While the past semester was stressful, I thrive in stressful, high-octane situations. How else could you explain me projecting myself into these situations, in spite the admonishment of my friends? I was told by so many people not to apply to grad school as a senior, not to be president of my black student union, not to have two (really three) jobs on campus, and each time I ignored them because naturally I know better than anyone else (duh.) Nonetheless, I did this because I knew that that more I had on my plate, the more precise and productive I could be. If I piled everything on, I knew that I would work as efficiently as possible because there’s always something else to do. Now there’s not. This break has been stressful because I haven’t had anything to stress me out.

I guess that’s an understatement: what has stressed me out this break is the uncertainty of the future. Two days ago, I almost started panicking because I was reading forum posts on gradcafe about getting rejected from the schools I had applied to. It is disturbing to not have statistics to go off, and this whole process has been annoyingly obscure. I didn’t need to read all of these testimonials about getting rejected from Yale and Stanford, and now I am afraid that I won’t get in anywhere. I don’t know when I’ll hear back, and I don’t know what my results will be. In my head, I’m like “well, you’re Black and doing comp lit research that very few people are doing, so that should make you a promising candidate” but to be honest, being black may not make as much of a difference in graduate admissions – and if it does, I haven’t read anywhere that it does – and my research being underrepresented may very well be an impediment because no professor may feel confident enough in my research field to support my research as an adviser. I mentioned who would support my research best in my statements, but whose to say that they’ll agree, especially when a lot of these name-drops were splitting hairs – “I think Professor Y would support my research because of their research in Caribbean cultural politics,” a statement I gleaned from glancing at their CV and reading perhaps the first two paragraphs of an article they published what, ten years ago? – As the days pass – unbearably slowly – I find that I am not forgetting that I applied to grad school, and returning to life in the now, but furthering the lengthy process of fretting over a future I cannot control. I know I sound like a broken record, but I find that every day is marked by the same scratches which disturb the music, even if they are almost indistinguishable to the listener…

To continue this metaphor, I, as the musician, am aware of all of the subtleties of a composition, all of the little movements which constitute its central drama, its ethos, its passion. Yet, you, as the listener, as the consumer, are only aware of that which is most pertinent to your experience. We each have our tastes, are most attuned to certain elements which reflect only us. The imperfections in the music, the din of two instruments playing in brief disharmony, a flat note drowned out by the dram of a bass guitar, the hairline scratch on the record which produces a coincidental skip right on a downbeat, can elude you, but haunts the composer for they know it is not right…

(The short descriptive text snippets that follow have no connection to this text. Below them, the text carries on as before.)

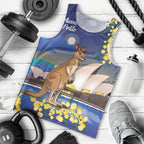 Kangaroo Australia Personalised Men Tank Top Aussie Pride Golden Wattle Sydney Opera House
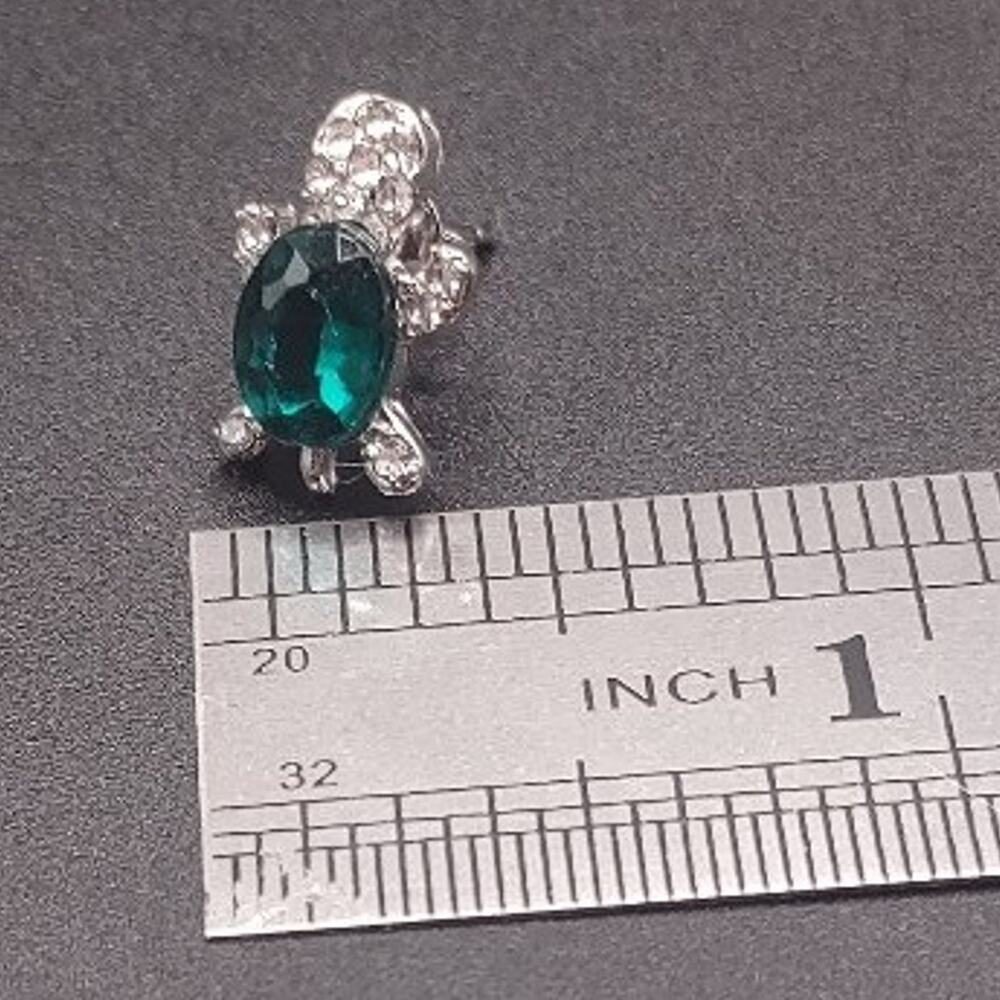 Dainty 925 Silver Sea Turtle Earrings W/ CZ Green Emerald Women's Birthday Gift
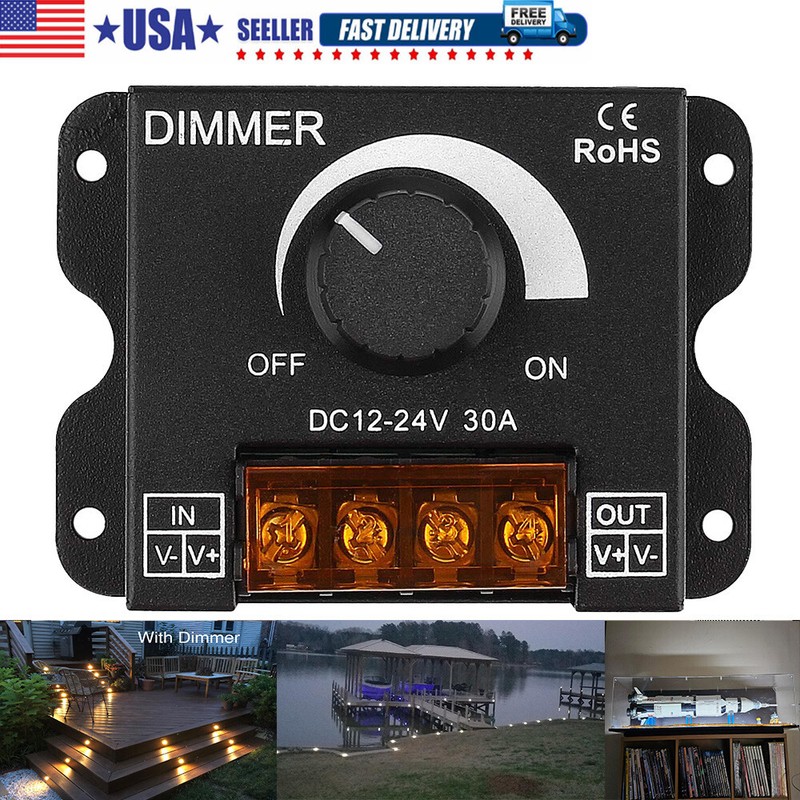 LED Light Strip Dimmer PWM Dimming Controller Knob ON/Off Switch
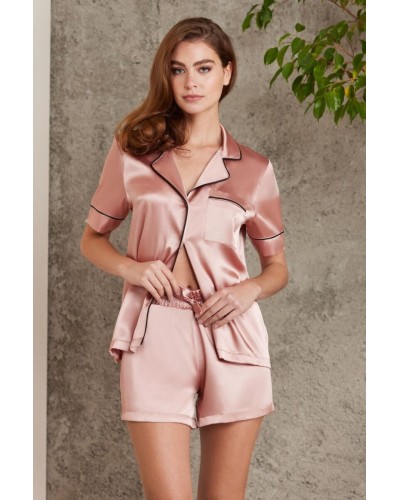 Pierre Cardin Brandy Kadın Saten Biyeli Pijama Takımı 1205 Pierre Cardin Brandy Kadın Saten Biyeli Pijama Takımı 1205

I don’t have a workspace in my house. I’ve tried to jury-rig up a makeshift bed-table from an old piece of plywood and a flat sheet, but that didn’t really work well. I’ve also tried to work in my family room or in my computer room, but this too doesn’t maximize my productivity. I had carved a space for myself in the basement, where my brother used to work on his projects, but there’s a leak in the pipe right above the table at which I would sit, and therefore I can’t work there anymore, either, lest I get weird rusty water all over my things, including my books and more preciously, my computer. So now I’m at the public library, forced to take an Uber to get here because the car still isn’t working. This is the most productive I’ve been in a week, and I’ve only responded to emails and worked on my resume in the hour I’ve been here.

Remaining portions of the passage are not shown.